[[ Input material, beginning ]]

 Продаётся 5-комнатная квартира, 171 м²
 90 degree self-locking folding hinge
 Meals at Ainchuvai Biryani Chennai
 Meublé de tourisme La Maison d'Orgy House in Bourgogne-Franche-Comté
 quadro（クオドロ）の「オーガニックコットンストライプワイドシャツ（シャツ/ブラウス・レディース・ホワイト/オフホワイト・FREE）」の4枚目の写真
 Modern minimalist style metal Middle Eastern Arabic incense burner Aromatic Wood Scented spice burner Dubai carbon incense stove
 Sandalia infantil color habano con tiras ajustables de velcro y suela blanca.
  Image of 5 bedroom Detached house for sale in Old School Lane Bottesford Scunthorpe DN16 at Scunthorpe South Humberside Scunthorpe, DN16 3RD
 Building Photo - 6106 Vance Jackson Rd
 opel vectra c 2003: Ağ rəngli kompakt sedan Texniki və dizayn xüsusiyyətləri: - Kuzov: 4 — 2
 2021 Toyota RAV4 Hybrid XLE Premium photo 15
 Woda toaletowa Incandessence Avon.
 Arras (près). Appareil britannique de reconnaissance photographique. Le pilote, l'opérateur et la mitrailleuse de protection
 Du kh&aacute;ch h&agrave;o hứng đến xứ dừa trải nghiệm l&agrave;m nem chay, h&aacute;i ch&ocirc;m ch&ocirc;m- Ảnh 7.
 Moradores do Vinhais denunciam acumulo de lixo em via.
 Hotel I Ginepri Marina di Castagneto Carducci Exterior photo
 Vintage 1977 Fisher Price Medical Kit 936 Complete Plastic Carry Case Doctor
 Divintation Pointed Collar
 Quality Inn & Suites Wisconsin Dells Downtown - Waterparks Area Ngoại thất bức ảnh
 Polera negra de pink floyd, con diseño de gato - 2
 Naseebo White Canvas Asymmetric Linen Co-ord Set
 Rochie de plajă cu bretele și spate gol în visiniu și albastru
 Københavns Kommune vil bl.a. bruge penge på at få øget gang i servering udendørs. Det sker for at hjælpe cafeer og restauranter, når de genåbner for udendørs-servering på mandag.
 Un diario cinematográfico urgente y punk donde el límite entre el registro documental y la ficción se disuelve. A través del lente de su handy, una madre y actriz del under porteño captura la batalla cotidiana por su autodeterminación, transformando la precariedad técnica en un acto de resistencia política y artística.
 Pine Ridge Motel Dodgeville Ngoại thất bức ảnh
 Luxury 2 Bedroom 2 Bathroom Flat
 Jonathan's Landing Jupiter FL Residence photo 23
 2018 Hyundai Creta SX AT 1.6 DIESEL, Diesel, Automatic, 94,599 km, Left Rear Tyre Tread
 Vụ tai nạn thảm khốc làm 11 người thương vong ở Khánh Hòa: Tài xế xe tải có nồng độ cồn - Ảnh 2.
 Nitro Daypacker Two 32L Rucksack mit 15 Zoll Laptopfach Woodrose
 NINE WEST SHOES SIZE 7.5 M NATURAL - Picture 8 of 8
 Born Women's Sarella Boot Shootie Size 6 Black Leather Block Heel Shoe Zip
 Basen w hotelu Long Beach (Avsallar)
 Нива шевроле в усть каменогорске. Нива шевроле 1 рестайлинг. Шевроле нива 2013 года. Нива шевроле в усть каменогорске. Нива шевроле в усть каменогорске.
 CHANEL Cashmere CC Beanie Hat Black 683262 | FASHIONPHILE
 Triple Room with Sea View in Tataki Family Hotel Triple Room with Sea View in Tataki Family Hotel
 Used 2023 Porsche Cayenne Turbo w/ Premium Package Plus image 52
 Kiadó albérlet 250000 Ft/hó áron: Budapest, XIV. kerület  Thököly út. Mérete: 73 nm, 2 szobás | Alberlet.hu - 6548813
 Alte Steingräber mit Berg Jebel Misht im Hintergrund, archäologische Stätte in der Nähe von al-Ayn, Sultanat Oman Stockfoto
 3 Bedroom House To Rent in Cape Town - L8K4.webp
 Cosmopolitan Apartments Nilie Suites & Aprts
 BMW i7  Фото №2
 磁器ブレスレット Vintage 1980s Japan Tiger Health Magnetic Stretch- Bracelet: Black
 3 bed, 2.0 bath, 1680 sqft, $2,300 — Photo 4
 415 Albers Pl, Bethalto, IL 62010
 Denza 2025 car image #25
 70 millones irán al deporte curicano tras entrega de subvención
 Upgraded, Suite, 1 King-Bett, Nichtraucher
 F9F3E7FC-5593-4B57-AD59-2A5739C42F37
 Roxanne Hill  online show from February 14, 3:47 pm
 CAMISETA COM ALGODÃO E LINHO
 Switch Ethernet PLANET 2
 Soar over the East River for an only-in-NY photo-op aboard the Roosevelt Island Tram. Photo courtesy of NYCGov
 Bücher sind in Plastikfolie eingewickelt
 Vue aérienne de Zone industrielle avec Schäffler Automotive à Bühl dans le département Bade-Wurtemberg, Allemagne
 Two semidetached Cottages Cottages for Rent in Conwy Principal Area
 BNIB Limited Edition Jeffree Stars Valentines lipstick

[[ Input material, end ]]

● Problem:
Nothing but the lines with "Area" should be returned, copied from the entries above.

● Exercise result:
 Quality Inn & Suites Wisconsin Dells Downtown - Waterparks Area Ngoại thất bức ảnh
 Two semidetached Cottages Cottages for Rent in Conwy Principal Area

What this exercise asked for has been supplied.